* _Source material_
+ + + +
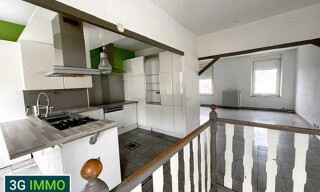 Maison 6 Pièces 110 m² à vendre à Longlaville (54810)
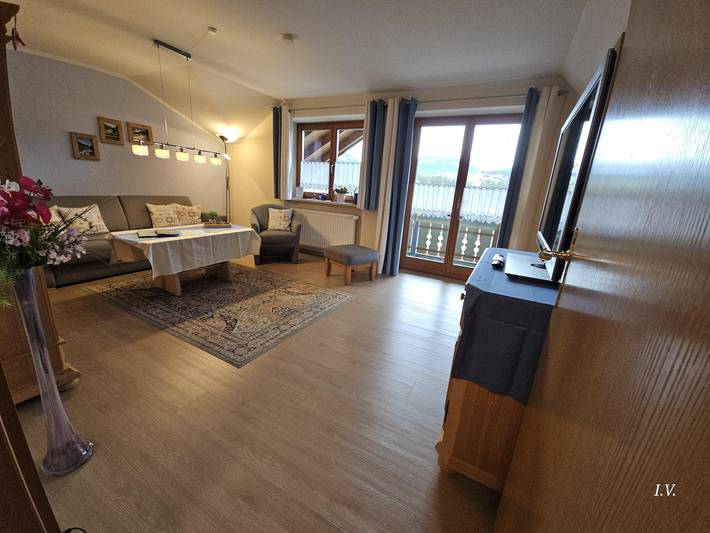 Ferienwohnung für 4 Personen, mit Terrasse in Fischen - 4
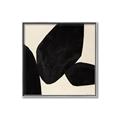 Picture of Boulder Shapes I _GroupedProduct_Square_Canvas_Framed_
+ + + +
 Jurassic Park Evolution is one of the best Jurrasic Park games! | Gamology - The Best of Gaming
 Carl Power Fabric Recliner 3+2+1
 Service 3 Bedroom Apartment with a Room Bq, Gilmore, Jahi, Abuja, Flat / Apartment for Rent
+ + + +
* _Your instructions_
Would you please repeat exactly the lines above, starting at the line with "Jurassic Park Evolution" and stopping at the line with "Service 3 Bedroom", both included?

* _Finished task_
 Jurassic Park Evolution is one of the best Jurrasic Park games! | Gamology - The Best of Gaming
 Carl Power Fabric Recliner 3+2+1
 Service 3 Bedroom Apartment with a Room Bq, Gilmore, Jahi, Abuja, Flat / Apartment for Rent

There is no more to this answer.